あわよくば、都会に住む王子様と“運命の恋”に落ちてみたかった。

しかし、現実はどうだろう。

キラキラ輝くどころか、八方を山に塞がれたこの町では、夜も8時を過ぎれば家の灯りすらもまばらで(田舎に住む老人達は就寝時間が驚くほどに早い)。
私は今日も“横山鮮魚店”というロゴの入った可愛くも何ともない紺色の前掛け姿で軽トラに乗り、町中のお年寄りにお弁当をせっせと届ける予定だ。
そして、運命の恋とはほど遠い必然的な理由(町には極端に未婚の若者が少ない)で何となく付き合っている恋人と、今まさに朝食を共にしているところだ。

「ああ、香埜子(かのこ)」
「ん?ああ、はい(醤油)」

このように、名前を呼ばれただけで、日々の習性で醤油を取ってしまうような関係。
ドキドキもワクワクもほとんどないままに、惰性で付き合うこと三年。

いつの間にか二人の関係も、時々私が哲生(てつお)の家に度々泊まっていることも、町中の誰もが知るほどに広まっている(田舎では噂の広まる早さは尋常ではない)。
かといって、嫁入り前の娘が…などと咎められることも特にない。
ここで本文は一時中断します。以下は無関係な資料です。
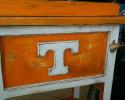 We can make the perfect stand-up cooler for all those Tennessee Volunteer fans!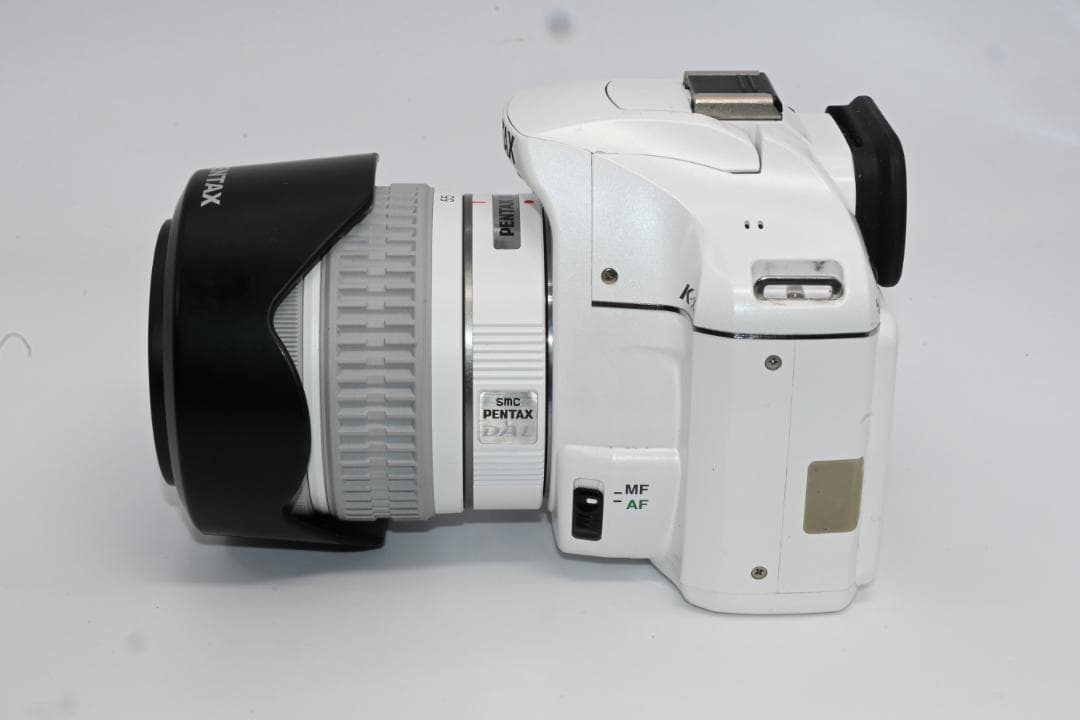 Pentax K-x SR +18-55mm F3.5-5.6 AL キット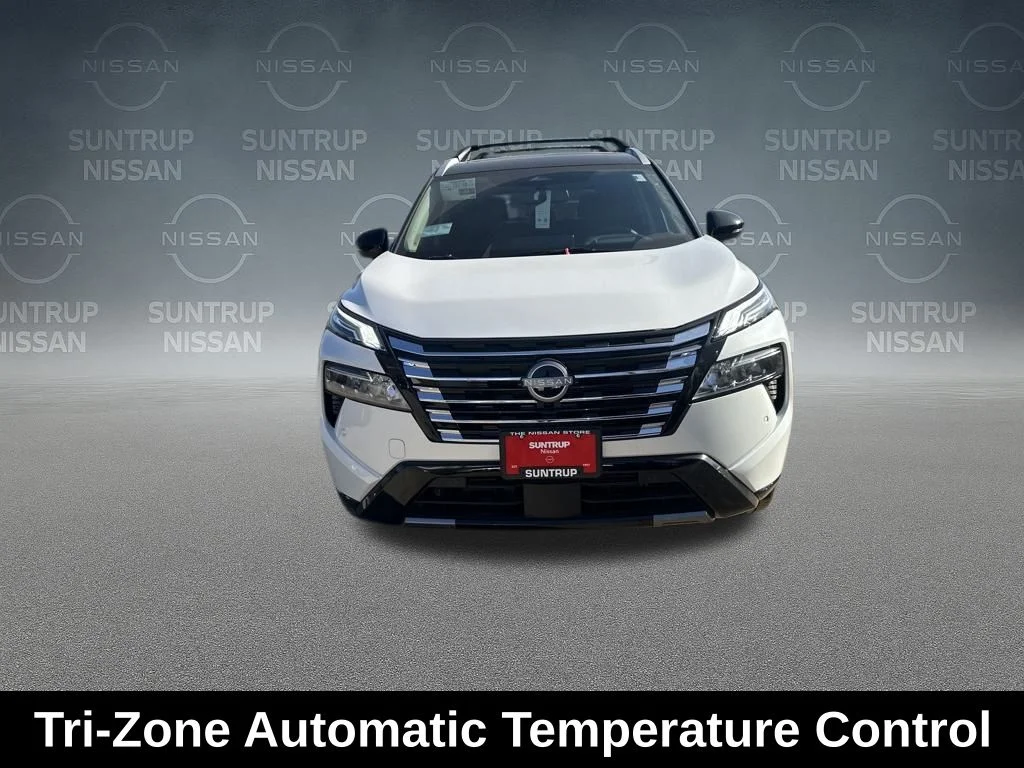 2026 Nissan Rogue Platinum - Photo 10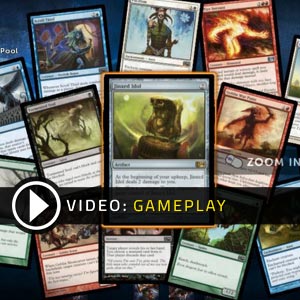 Magic 2014 Gameplay Video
何しろ、深刻な過疎化が進むこの町では、若者が結婚して永住してくれることは何より喜ばしいことなのだ。
みんな、ちょうどいい相手がおってよかったなぁ、としか思っていないに違いない。

「今日も来る?」

身支度をして、家を出る前に哲生は振り返って尋ねる。

(どこに?)

心の中で思ったけれど、口にはださなかった。つきあい始めた時からずっと思っているけれど、哲生は言葉を省略しすぎる。
面倒臭いのか何なのか知らないが、普通ならば会話が成立しないレベルだ。
しかし、どんなに省略されようとも通じてしまうのが悲しいところ。

「いつも通りの時間ね」
「うん、待ってる」

哲生はいつも私のことを“待ってる”と言う。ほんの少しだけ嬉しそうに目を細めながら。
この瞬間だけ、私はとても彼のことが好きなのだと錯覚しそうになる。

ぶんぶんと心の中で頭を横に振る。

だめだ、だめだ。
彼が“待っている”のは、私ではなく私の弁当なのだから。